If anything, there is a possibility that a dead pixel or two could slip by, which you may or may not notice. Different people have different degrees of acumen in noticing such tiny visual anomalies. If a display did have a dead pixel, it would be more noticeable if it happens in the center of the screen than if it’s toward the edges.
It is. Apple did a couple things differently from its previous iMac displays with its 5k version. Apple used an oxide semiconductor rather than amorphous Silicon in the display’s TFT array so that pixels charge faster, and hold a charge longer. Apple mixes and matches these two methods on some iPads (consumers and pros alike can't tell the difference until one undergoes a teardown). The iMac display also uses a technology called organic passivation to reduce pixel crosstalk and save energy. The LED backlight is thinner, brighter, and consumes less energy than in the previous iMac's display. Apple also created a unique timing controller chip to direct all its millions of pixels.

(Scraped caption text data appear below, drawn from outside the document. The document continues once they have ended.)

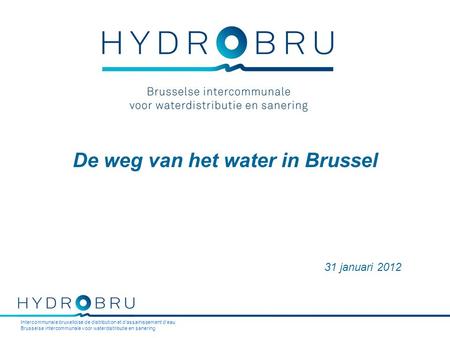 Intercommunale bruxelloise de distribution et d’assainissement d’eau Brusselse intercommunale voor waterdistributie en sanering De weg van het water in.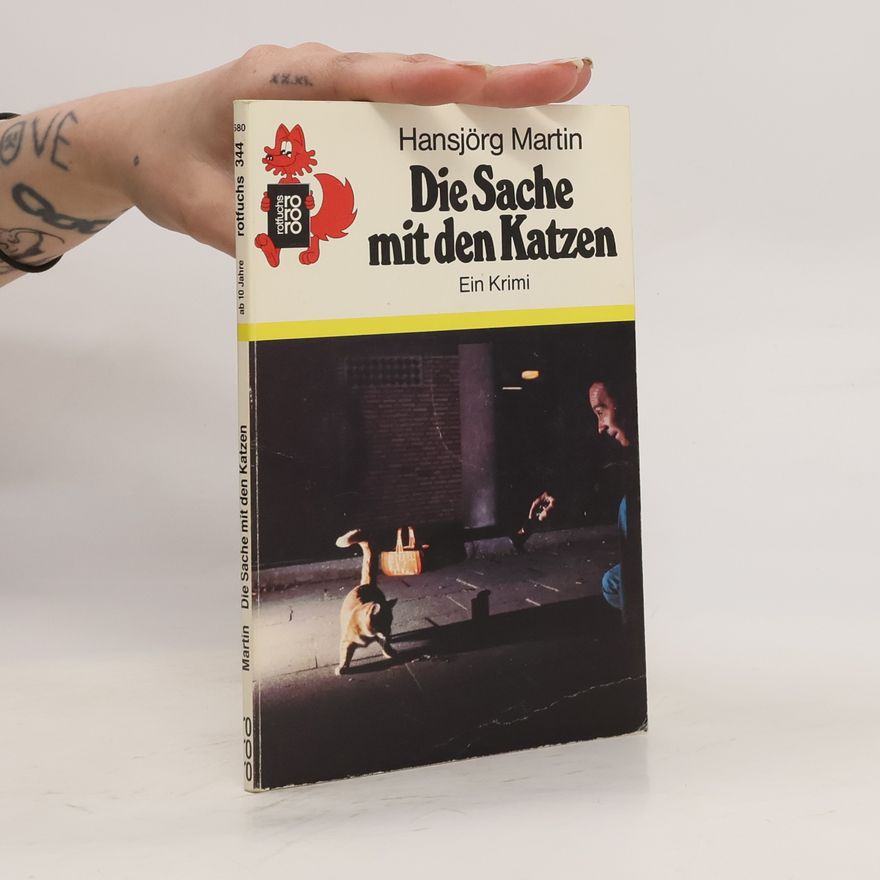 Hansjörg Martin Die Sache mit den Katzen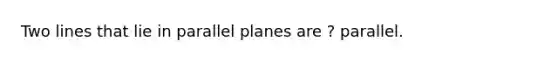 Two lines that lie in parallel planes are ? parallel.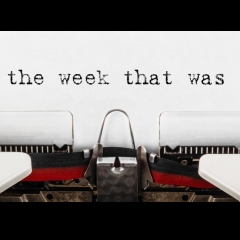The Week that was on August 7, 2022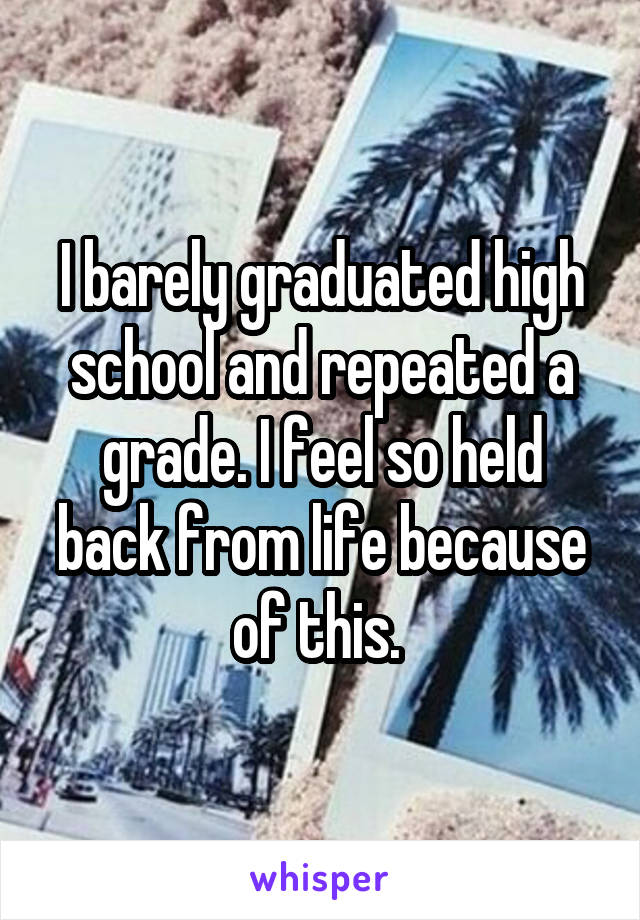 I barely graduated high school and repeated a grade. I feel so held back from life because of this. 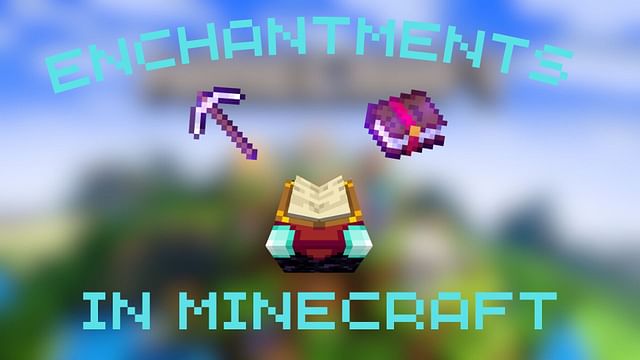 Best enchantment tier list for Minecraft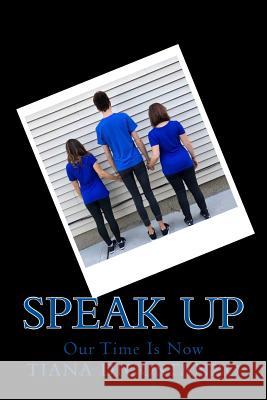 Speak Up: Our Time Is Now Tiana Dicostanzo 9781984384409 Createspace Independent Publishing Platform - książka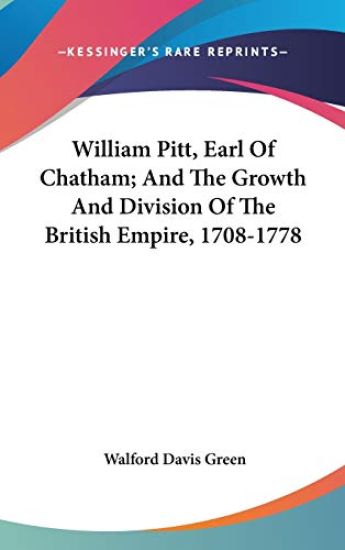 WILLIAM PITT, EARL OF CHATHAM; AND THE G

This is a good question. Soneira explains: "The iMac is a system for working on 4K content and needs 5K, but the Cinema display is for viewing content and should not be operated at 5K but rather 4K." You don't want to rescale a 4K image up to 5K---scaling artifacts would degrade the image quality, or the image wouldn't take up the full screen. In fact, a 4K image (at 8.3-megapixels) would take up only 56 percent of a 5K screen (which can show a 14.7-megapixel image). So, there actually is no advantage to having a 5K Cinema display.
But as to why we don't have a 4K Cinema display alongside today's 5K iMac, it's probably the same reason we didn't see a 21.5-inch iMac: One Retina display development at a time.
Do you work in a graphics-intensive industry where having a higher resolution display would give you a competitive advantage? Is your current desktop machine on its last legs? Do you have super-human eyesight and the pixels in HD displays are just, ugh, so dotty that it burns your retinas? Do you have $2,500 lying around? Then go for it. If not, you’re probably fine holding out on upgrading until your Mac is on its deathbed.
Updated 11:30 AM ET for better clarity and spec corrections.